> **RECORDS SHOWN**:
—————
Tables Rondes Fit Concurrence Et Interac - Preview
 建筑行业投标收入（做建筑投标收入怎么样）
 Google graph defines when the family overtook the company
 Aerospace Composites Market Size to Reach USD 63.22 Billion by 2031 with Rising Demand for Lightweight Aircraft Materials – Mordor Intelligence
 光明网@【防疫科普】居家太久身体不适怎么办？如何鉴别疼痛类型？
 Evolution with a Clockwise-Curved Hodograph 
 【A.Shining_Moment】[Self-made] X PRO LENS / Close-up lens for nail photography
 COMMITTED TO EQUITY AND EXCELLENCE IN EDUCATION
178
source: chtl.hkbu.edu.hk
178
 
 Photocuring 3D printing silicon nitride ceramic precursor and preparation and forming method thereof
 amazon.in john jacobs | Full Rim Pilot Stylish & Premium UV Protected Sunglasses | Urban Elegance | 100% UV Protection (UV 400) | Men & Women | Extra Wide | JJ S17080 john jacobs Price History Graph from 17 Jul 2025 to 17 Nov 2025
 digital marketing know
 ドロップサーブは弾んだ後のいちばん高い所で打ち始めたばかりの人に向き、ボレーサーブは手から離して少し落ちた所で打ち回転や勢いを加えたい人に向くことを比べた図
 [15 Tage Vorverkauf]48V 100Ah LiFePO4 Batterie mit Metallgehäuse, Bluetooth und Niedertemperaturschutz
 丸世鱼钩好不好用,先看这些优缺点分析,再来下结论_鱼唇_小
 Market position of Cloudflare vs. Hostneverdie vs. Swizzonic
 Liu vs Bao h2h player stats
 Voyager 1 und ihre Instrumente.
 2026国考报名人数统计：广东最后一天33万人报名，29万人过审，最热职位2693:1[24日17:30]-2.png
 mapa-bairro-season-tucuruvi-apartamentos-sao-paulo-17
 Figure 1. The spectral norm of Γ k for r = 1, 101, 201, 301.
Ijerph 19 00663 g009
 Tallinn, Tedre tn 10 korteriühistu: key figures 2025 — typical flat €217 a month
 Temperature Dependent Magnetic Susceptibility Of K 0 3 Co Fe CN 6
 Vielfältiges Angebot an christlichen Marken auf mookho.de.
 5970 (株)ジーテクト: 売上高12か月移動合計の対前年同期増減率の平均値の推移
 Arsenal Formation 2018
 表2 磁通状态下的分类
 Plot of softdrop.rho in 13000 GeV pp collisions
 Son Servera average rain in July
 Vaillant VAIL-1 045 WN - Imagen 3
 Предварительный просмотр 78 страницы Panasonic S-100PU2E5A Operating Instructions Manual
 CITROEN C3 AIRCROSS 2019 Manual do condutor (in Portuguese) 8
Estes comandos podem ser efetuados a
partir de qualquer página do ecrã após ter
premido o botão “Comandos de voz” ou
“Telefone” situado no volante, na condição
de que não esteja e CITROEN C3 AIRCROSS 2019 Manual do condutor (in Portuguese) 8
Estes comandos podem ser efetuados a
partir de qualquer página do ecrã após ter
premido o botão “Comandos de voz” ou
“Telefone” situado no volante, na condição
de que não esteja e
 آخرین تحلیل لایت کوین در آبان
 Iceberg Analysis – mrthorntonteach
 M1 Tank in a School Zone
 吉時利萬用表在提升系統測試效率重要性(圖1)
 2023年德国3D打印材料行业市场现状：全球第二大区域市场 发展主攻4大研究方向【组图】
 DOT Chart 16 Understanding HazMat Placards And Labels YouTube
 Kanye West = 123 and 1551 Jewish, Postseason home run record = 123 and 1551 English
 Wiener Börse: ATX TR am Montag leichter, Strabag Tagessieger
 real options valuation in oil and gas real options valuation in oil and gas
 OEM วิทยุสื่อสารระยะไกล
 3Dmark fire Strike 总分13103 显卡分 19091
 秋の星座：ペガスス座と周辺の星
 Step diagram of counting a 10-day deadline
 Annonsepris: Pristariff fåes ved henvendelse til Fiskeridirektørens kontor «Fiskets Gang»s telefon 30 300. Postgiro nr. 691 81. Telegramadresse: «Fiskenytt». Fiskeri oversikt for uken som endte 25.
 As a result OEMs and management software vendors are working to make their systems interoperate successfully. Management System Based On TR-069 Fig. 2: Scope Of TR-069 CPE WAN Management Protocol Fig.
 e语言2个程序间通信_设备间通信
—————
> **WHAT YOU WILL DO**: Write down exactly the span of lines above from the one containing "source: chtl.hkbu.edu.hk" to the one containing "Vielfältiges Angebot an", both ends included.

> **ANSWER BOX**:
source: chtl.hkbu.edu.hk
178
 
 Photocuring 3D printing silicon nitride ceramic precursor and preparation and forming method thereof
 amazon.in john jacobs | Full Rim Pilot Stylish & Premium UV Protected Sunglasses | Urban Elegance | 100% UV Protection (UV 400) | Men & Women | Extra Wide | JJ S17080 john jacobs Price History Graph from 17 Jul 2025 to 17 Nov 2025
 digital marketing know
 ドロップサーブは弾んだ後のいちばん高い所で打ち始めたばかりの人に向き、ボレーサーブは手から離して少し落ちた所で打ち回転や勢いを加えたい人に向くことを比べた図
 [15 Tage Vorverkauf]48V 100Ah LiFePO4 Batterie mit Metallgehäuse, Bluetooth und Niedertemperaturschutz
 丸世鱼钩好不好用,先看这些优缺点分析,再来下结论_鱼唇_小
 Market position of Cloudflare vs. Hostneverdie vs. Swizzonic
 Liu vs Bao h2h player stats
 Voyager 1 und ihre Instrumente.
 2026国考报名人数统计：广东最后一天33万人报名，29万人过审，最热职位2693:1[24日17:30]-2.png
 mapa-bairro-season-tucuruvi-apartamentos-sao-paulo-17
 Figure 1. The spectral norm of Γ k for r = 1, 101, 201, 301.
Ijerph 19 00663 g009
 Tallinn, Tedre tn 10 korteriühistu: key figures 2025 — typical flat €217 a month
 Temperature Dependent Magnetic Susceptibility Of K 0 3 Co Fe CN 6
 Vielfältiges Angebot an christlichen Marken auf mookho.de.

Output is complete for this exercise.